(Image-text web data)
◆ ◆ ◆

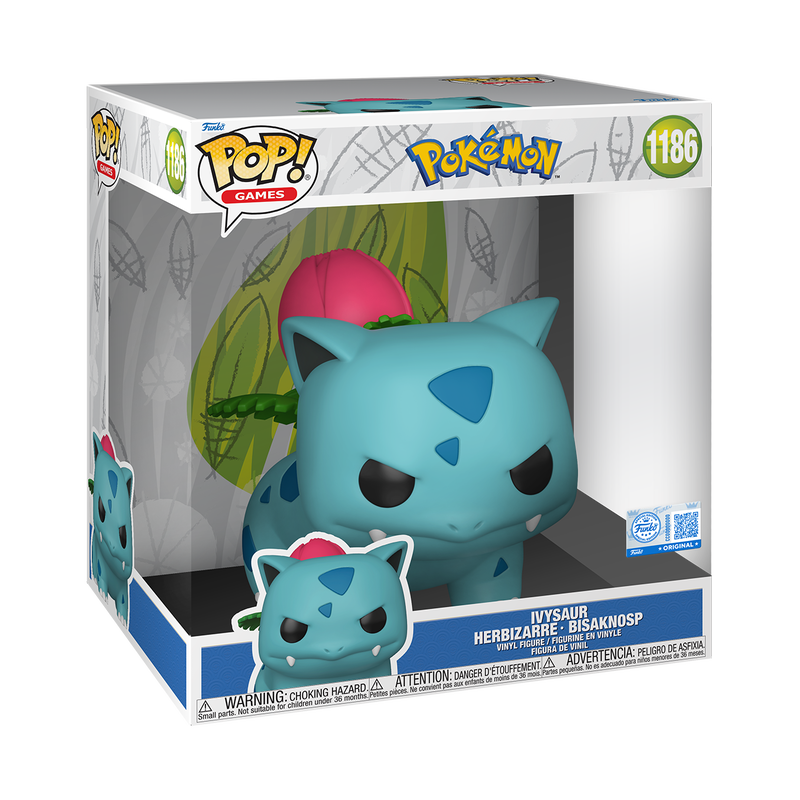 POKEMON S23 - POP FUNKO JUMBO VINYL FIGURE 1186 IVYSAUR 25CM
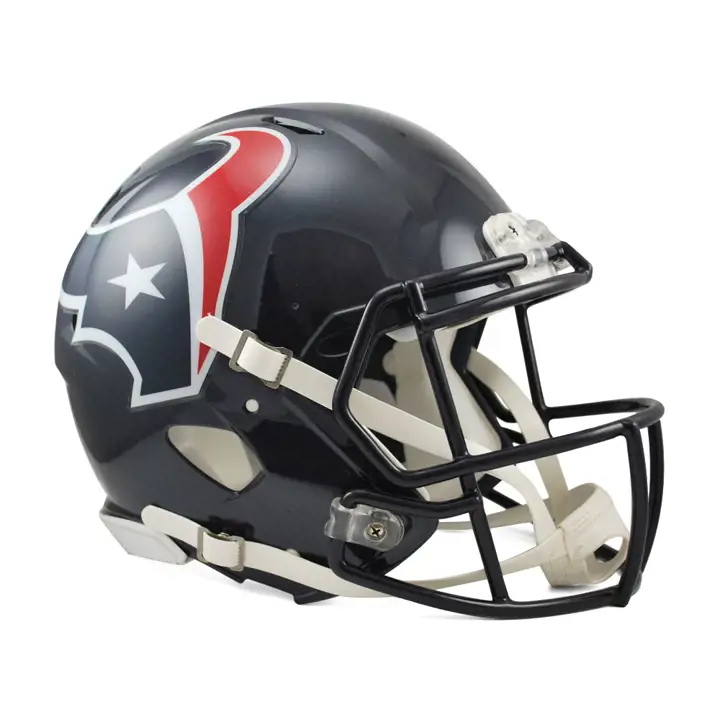Casque authentique Texans Speed bleu marine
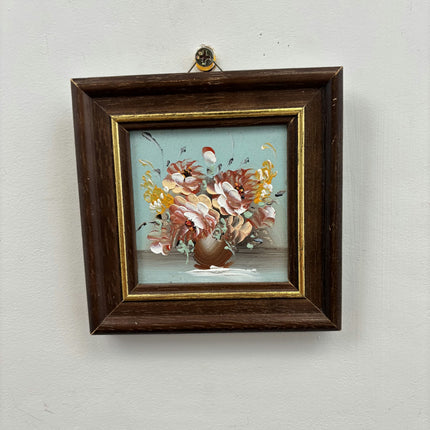 Original Floral Still Life Oil Painting "Flower Vase" Expressive Small Artwork Holland Art Shop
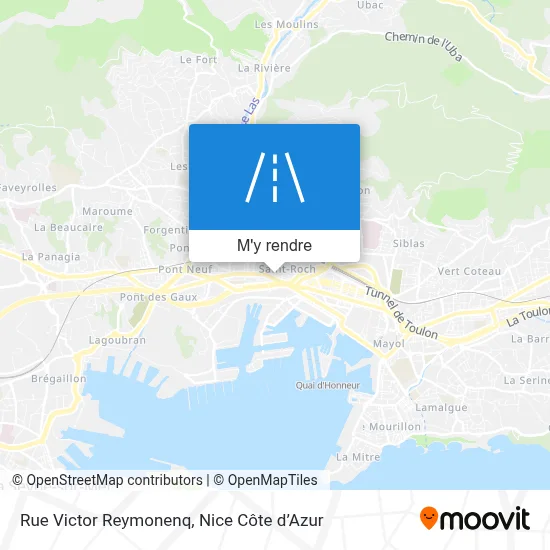 Rue Victor Reymonenq plan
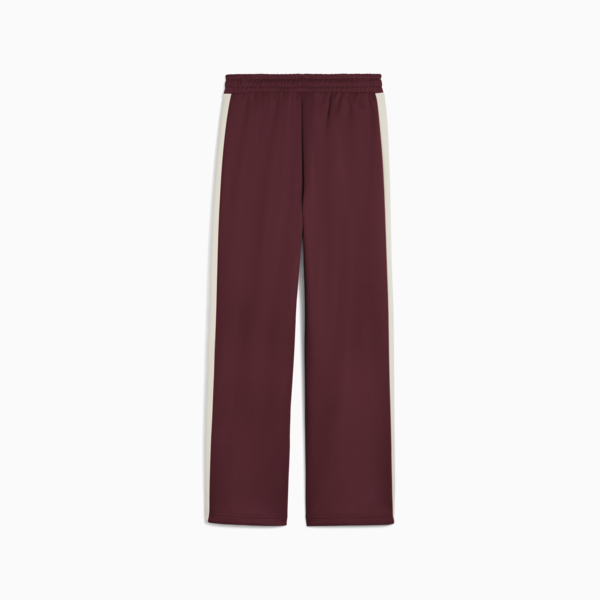 Pantalones rectos T7 ALWAYS ON para mujer, Ruby Shimmer, large-ARG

◆ ◆ ◆

(Task details): From the line that contains "Rue Victor Reymonenq plan" down to the last line of the entries above, copy every line exactly and leave out the pictures.

(Output of the task):
 Rue Victor Reymonenq plan
 Pantalones rectos T7 ALWAYS ON para mujer, Ruby Shimmer, large-ARG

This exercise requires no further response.